Ana María, como las buenas supervivientes no acariciaba los mástiles, sino la huida, por eso fabulaba magistralmente con la fantasía, era de la generación de la postguerra, pertenecía a la «Nada», como nuestros adolescentes, esos que no palpan más que la incertidumbre de la inexistencia del mañana. De esa generación hostil cuyo marcador fue y es, ser testigos de un mundo hipócrita y violento.
Era tan estrafalaria, que encallaba en la diversidad de la especie, por eso su cruel y apresurada despedida nos devuelve a la uniformidad del relato, del verbo único, de la palabra empalagosa y dulzona, del optimismo de la opulencia.
El bastardo desamparo al que nos somete su definitiva fuga, nos sumerge en el laberinto de los contenedores del pensamiento, para buscar los antídotos del rosa, y el celeste, en estos tiempos de realeza, donde la pasión por la ética está tan denostada y devaluada, que ya solo cotiza en el mercado de nuestras irrelevantes utopías.

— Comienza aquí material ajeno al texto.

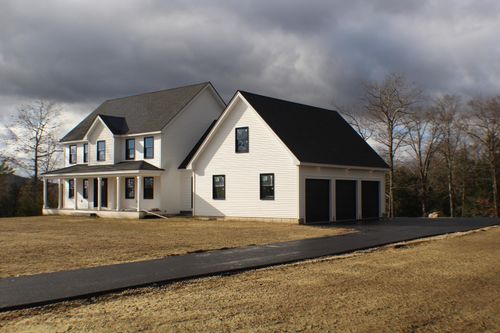 27 Tyler Avenue, Epsom, NH, 03234 | Card Image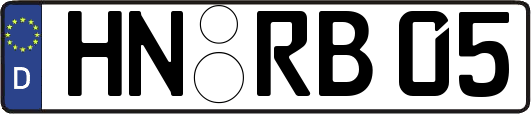 HN-RB05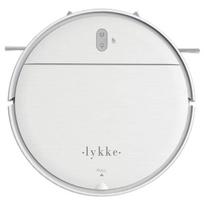 Dulkių siurblys-robotas Lykke Robot Vacuum Pro 2000 V2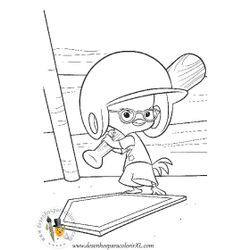 Chicken Little #36388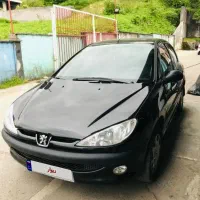 206 مدل 90 تیپ 2 عروسک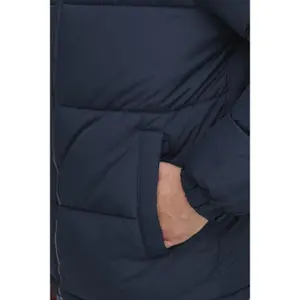 Puffer jacket Solid Sdmarlan image-5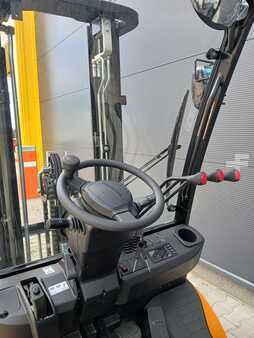 Kontejnerový vozík 2025  HC (Hangcha) CPYD25-XH3F (7)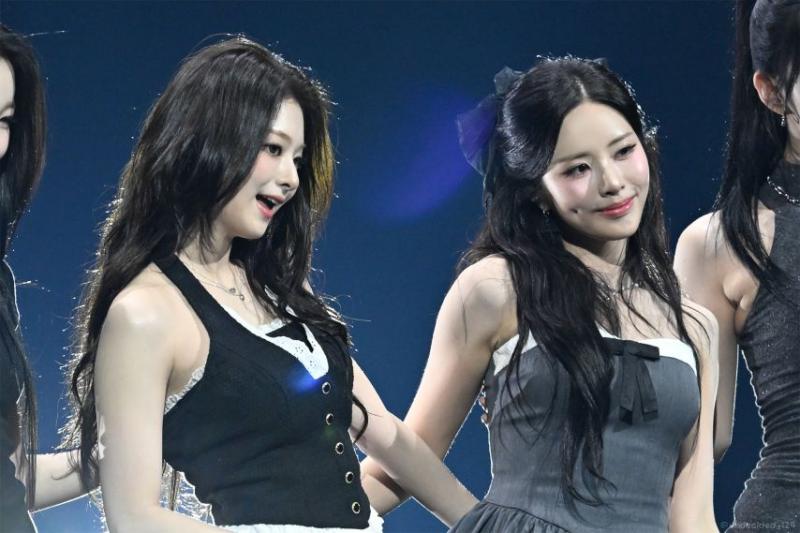 프로미스나인 이나경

Sin redobles de campanas, suscribo las palabras de Caballero Bonald, al conocer la noticia «Su muerte es un descalabro en mi intimidad».
Kechu Aramburu del Río
Publicado en el Correo de Andalucia el 27 de Junio del 2014
No insistan, sencillamente se ha ido, pero antes nos enseñó a usar los espejos cóncavos y convexos para mirar una sociedad marcada por el síndrome «y de lo mío qué…» Fue una niña de la guerra, tatuada por el odio, la muerte, la miseria, la angustia y la extrema pobreza, pero la magia con la que suprimió las fronteras entre el realismo y la ficción, la petrifican en una mirada de faros largos, para sobrevivir a las inclemencias de las emociones, en ese tiempo que es tan de antes, como el de ahora.